Context:
I'm given Black and Scholes model.
Problem:
For $T > 1$ the asset returns $$Y_T = \ln(S_T)\cdot 1_{S_T>1} $$
where $S_t$ is solution for Black and Scholes model:
$$S_t = S_0 \cdot exp[(\mu – \frac{\sigma^2}{2})t +\sigma W_t]$$
$W_t$ is Wiener process and $1_{S_T>1} = 1$ if $S_T>1$ and $1_{S_T>1} = 0$ otherwise.
It is given that today $t$ is equal to $1$.
Evaluate the current price $Y_1$.
Can you give some ideas?
Best Answer
If you choose the money-market instrument as the numeraire, you get
$$Y_t = e^{-r(T-t)}E\left[Y_T \vert \mathcal{F}_t\right]$$ where the expectation is taken under the risk-neutral measure. Under the risk neutral measure $S_t$ follows the SDE $$dS_t = rS_tdt + \sigma S_t dW_t$$ where $W$ is Brownian Motion. This is predicated of course on the Black-Scholes model.

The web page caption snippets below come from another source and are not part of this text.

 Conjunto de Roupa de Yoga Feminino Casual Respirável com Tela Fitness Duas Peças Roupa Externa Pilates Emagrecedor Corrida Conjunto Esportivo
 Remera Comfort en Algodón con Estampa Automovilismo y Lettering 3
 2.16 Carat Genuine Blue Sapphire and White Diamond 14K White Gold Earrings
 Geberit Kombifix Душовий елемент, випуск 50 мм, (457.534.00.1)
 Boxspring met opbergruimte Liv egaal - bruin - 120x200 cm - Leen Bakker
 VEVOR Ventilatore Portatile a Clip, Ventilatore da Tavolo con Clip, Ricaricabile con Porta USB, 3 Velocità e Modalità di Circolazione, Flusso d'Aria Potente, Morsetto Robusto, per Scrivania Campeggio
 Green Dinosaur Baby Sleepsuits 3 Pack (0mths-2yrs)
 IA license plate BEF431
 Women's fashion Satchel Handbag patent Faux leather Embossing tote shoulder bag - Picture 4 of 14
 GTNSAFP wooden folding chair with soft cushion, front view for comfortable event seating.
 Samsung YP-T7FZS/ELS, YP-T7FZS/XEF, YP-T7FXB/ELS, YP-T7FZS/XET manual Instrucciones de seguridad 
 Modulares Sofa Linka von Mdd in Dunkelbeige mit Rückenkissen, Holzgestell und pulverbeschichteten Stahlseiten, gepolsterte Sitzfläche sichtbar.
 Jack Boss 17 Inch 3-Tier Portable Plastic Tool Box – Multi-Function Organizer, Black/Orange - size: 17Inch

Note that you can write $S_T$ as follows. $$S_T = S_t e^{\left(r-\frac{1}{2}\sigma^2\right)(T-t) + \sigma(W_T - W_t)}$$
$$E\left[Y_T \vert \mathcal{F}_t\right] = \left(\log{S_t} + \left(r-\frac{1}{2}\sigma^2\right)(T-t)\right)E[\mathbb{1}_{\log{S_T} > 0} \vert \mathcal{F}_t] + E[\sigma(W_T - W_t)\mathbb{1}_{\log{S_T} > 0} \vert \mathcal{F}_t]$$
Let's calculate the first conditional expectation. Define $d(t, S_t) := \log{S_t} + \left(r-\frac{1}{2}\sigma^2\right)(T-t)$. Since $W_T - W_t$ is independent of $\mathcal{F}_t$,
$$E[\mathbb{1}_{\log{S_T} > 0} \vert \mathcal{F}_t] = P\{d(t, S_t) + \sigma(W_T-W_t)\vert\mathcal{F}_t\} = \Phi\left(\frac{d(t, S_t)}{\sigma\sqrt{T-t}}\right)$$ where $\Phi$ is the distribution function of standard normal r.v.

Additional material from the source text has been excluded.